Giovanni Battista Frisoni
(Université de Genève)
Andrew Stephens
(Life Molecular Imaging)
The diagnostic study determined, in a real-life clinical setting, for whom diagnostic Aß imaging ws appropriate, when this was best performed and how the resulting information was influencing diagnostic thinking, patient management and ultimately decision trees and cost-effectiveness of dementia care.
Objective:
AMYPAD selected and followed up a memory clinic population investigated for memory complaints or possible AD. Patients with subjective cognitive decline (SCD), mild cognitive impairment (MCI) and dementia possibly due to AD but with unclear aetiology were studied to estimate the impact of β-amyloid imaging on change of diagnosis, diagnostic confidence, treatment decisions, and management changes.
Lisa Ford
(Janssen Pharmaceutica NV)
Pieter Jelle Visser
(Stichting VUmc)
This work stream in AMYPAD was ultimately tasked with ensuring efficiencies in delivering the interaction with the EPAD Programme and other deep phenotyped European cohorts of cognitively unimpaired participants, now including EMIF-AD, ALFA+, FACEHBI, Microbiota, FPACK, and UCL-cohort. Amyloid PET imaging wascollected and prospectively performed in up to 2000 subjects enrolled in one of the parent cohorts. A sub-population of these subjects had a repeat amyloid PET scan conducted at least 1 year after the previous scan.
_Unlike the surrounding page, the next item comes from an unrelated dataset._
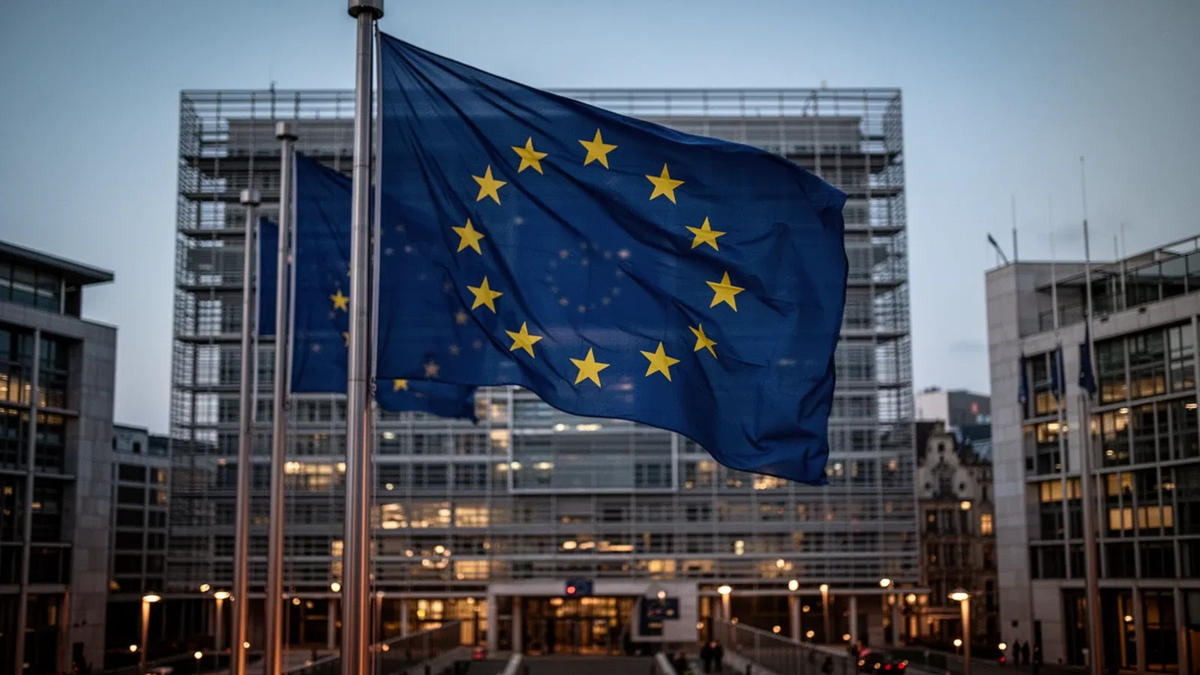 EU plant Totalverbot für Schiffsdienste an Russlands Ölflotte - Foto: über boerse-global.de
The amyloid PET scan represented an additional important biomarker amongst a multitude of cognitive, imaging and CSF biomarkers already performed in the parent cohorts.
Objective:
Further unravel the natural history of AD, defining the window for intervention and trial-readiness population in conjunction with a range of European Cohorts.
Frederik Barkhof
(Stichting VUmc)
Mark Schmidt
(Janssen Pharmaceutica NV)
This unit was focusing on the full quantitative data generated in AMYPAD to go beyond the analyses planned in the diagnostic and prognostic studies that both focus on global amyloid status as a dichotomous measure.
Objective:
The ultimate goal was to establish predictors of decline by using quantitative baseline and longitudinal PET measurements and determined how this can be best used to plan and monitor treatment.
Jean-Georges
(Alzheimer Europe)
Anja Mett
(GE Healthcare)
This team was leading and coordinating external dissemination activities (including publication and dissemination strategy), addressing liaison with external stakeholders, including regulators and patients, and examining ethical issues and data access policies.
Objectives:
- To report and provide guidance on ethical issues raised by the development and establishment of AMYPAD in close collaboration with other Work Packages and the EPAD project
- To understand experiences of research participants and consequences of disclosure of biomarker results.
- To liaise with external stakeholders including regulators, payers, policy makers and the wider dementia community.
- To design a plan that allows for optimal communication within the project Consortium and the dissemination of information and knowledge generated by the project to the scientific community, other relevant stakeholders and the society at large.
- To design and produce the communication tools that will be needed to implement the communication plan.